Furniture: Week Three


What the Rivendell is going on up in here? Gustave Serrurier-Bovy, that's what

This week was... Whew, let me catch my breath. I have a new favorite designer, but we'll get to that at the end.


To my relief, as the 1800s progress with Neoclassical, Federal, and Empire styles, we begin to see the fall of the notorious bombé-shaped commode. They used to be the bulbous showy centerpieces of a reception room, but over time, they get moved into the bedroom, where they shrink and morph into something smaller and more utilitarian, and that’s how we get the simple chest of drawers. Thank the furniture gods. Granted, not all commodes resemble their rococo ancestors, but we all know how even a whiff of rococo gets my goat. So as the commode takes its leave of me, to quote Hamlet, “You cannot take from me any thing that I will not more willingly part withal.”

Meridienne

Also, we see the emergence of some sexier pieces with which we are far more familiar: the sofa. Or the settee, the chaise, the daybed, the meridienne, the couch, the divan... they are all variations on a theme of recumbence. Up until now, the lack of bed-adjacent items in this book made it feel like people deign to lie down much in the past.

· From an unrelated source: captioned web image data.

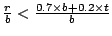 $\frac{r}{b} < \frac{0.7 \times b+0.2 \times t}{b}$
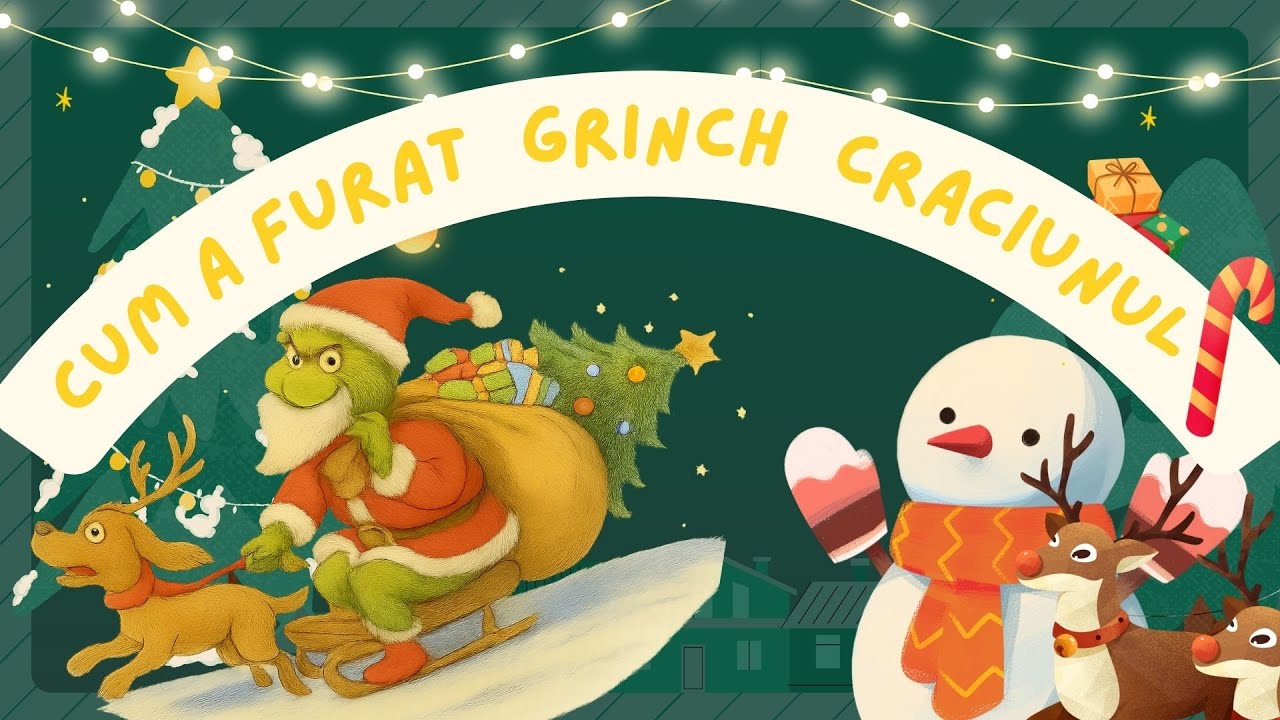 Cum a furat Grinch Crăciunul – Poveste de Craciun pentru copii | Lectura audio de noapte buna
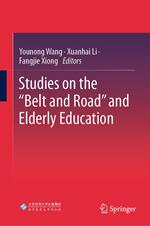Studies on the “Belt and Road” and Elderly Education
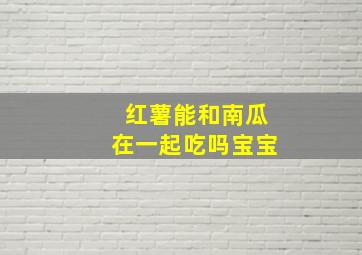 红薯能和南瓜在一起吃吗宝宝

But beds are not particularly difficult to make (they don’t tend to have drawers, pigeonholes, or any moving parts) and since they are relegated to the sanctum sanctorum, they weren’t made to be showpieces in the public parts of the home and were therefore secondary or tertiary in importance.


French Canape

As revolutions and wars (War of 1812, Napoleonic, Civil, etc.) took place in this tumultuous century, wealth was starting to be redistributed, and the merchant/middle class started gaining ground in the general world population. The commoners started building houses that were superior to a mere hovel, reception spaces grew, and cushioned multi-person sitting/reclining devices came to the fore. Nobility were no longer the only folks concerned about creating a haven of comfort. These skirmishes also gave craftsmen and artisans reason to develop new styles that represented their own region or country’s aesthetic, as opposed to automatically meme-ing French shit all the time.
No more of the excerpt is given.